Pathophysiology of Spinal Cord Injury



Pathophysiology of Spinal Cord Injury


Sarah Anne Figley

James W. Austin

James W. Rowland

Michael G. Fehlings



Spinal cord injury (SCI)—which can result from sudden trauma or progressive spinal cord diseases—is a devastating event. Patients suffering from SCI experience significant functional and sensory deficits, as well as emotional, social, and financial burdens. Additionally, individuals with SCI have an increased risk for other health conditions, including cardiovascular complications, deep vein thrombosis, osteoporosis, pressure ulcers, autonomic dysreflexia, and the development of neuropathic pain (1). In North America, it is estimated that approximately 1.5 million individuals are currently living with SCI, with over 12,000 new cases occurring each year (2).

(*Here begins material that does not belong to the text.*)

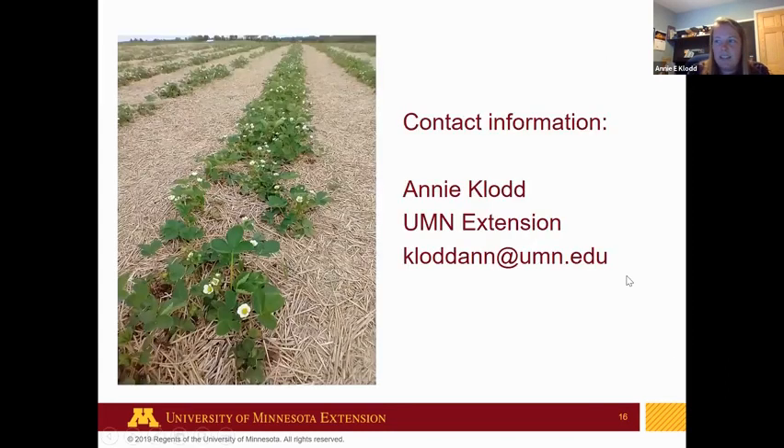I have my contact information here — that was just a really quick few tips about some berry diseases. If you have questions for any of us, go ahead and type those in the chat. Amaya, do you want to go over that question that was asked about boron?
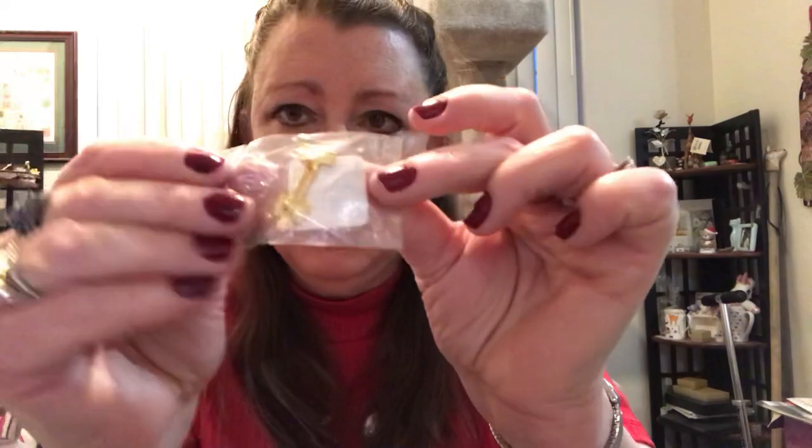And the last thing — for $9.99, I have to open it, it's in this bag. It says Saxman, Alaska — looks like it's a totem pole or something. Brand new.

By convention, spinal cord injuries can be divided into two events: a primary and a secondary injury, which refer to the physical injury and the subsequent physiologic cascade, respectively (3). It is well established that pathophysiologic processes that occur in the secondary injury phase are largely responsible for exacerbating the initial damage. These pathologic processes—inflammation, ischemia, lipid peroxidation, production of free radicals, disruption of ion channels, necrosis, and programmed cell death— are rapidly initiated in response to the primary injury and, for the most part, are inhibitory toward endogenous regeneration and repair mechanisms (4,5). The spatial and temporal dynamics of these secondary mediators are fundamental to SCI pathophysiology and are discussed in more detail later in this chapter.

Clinical evaluation and treatment of human patients is complicated by the heterogeneous nature of SCI, which results in variable outcomes for each individual injury. In recognizing the drastic variations of human injuries, the scientific community has been driven to develop and investigate a variety of different animal models. More specific animal models may allow for better translational success, since very few studies that have shown preclinical promise result in similar efficacy upon translation into the clinic.

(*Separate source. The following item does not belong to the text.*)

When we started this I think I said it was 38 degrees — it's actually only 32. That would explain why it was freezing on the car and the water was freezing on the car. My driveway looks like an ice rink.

In the past decade, significant advances have been made, which have notably contributed to understanding the complexity of SCI pathophysiology. However, despite advances in prehospital care, medical and surgical management, and rehabilitation approaches, many patients with acute SCI still experience substantial neurologic disability. Intensive efforts are currently under way to develop effective neuroprotective and neuroregenerative strategies. This chapter aims to summarize the pathophysiologic mechanisms initiated as a result of SCI and, in addition, briefly highlight some potential molecular targets/processes, which may benefit from therapeutic intervention.


PRIMARY INJURY


EPIDEMIOLOGY

The spinal cord is normally protected by the vertebral column; however, physical disruption from trauma often alters the position and structural integrity of the vertebra, leaving the spinal cord vulnerable. Traumatic forces, such as the ones sustained in sports injuries, traffic accidents, and diving into shallow water, cause vertebral column complications associated with SCI (2). Although blunt injury is the predominant cause of SCI, other penetrating trauma due to knife or gunshot wounds occur in a significant percentage of cases (6). Approximately 55% of SCIs occur at the cervical level (C1 to C7-T1), and thoracic (T1 to T11), thoracolumbar (T11-T12 to L1-L2), and lumbosacral (L2 to S5) injuries each account for approximately 15% of SCI (2).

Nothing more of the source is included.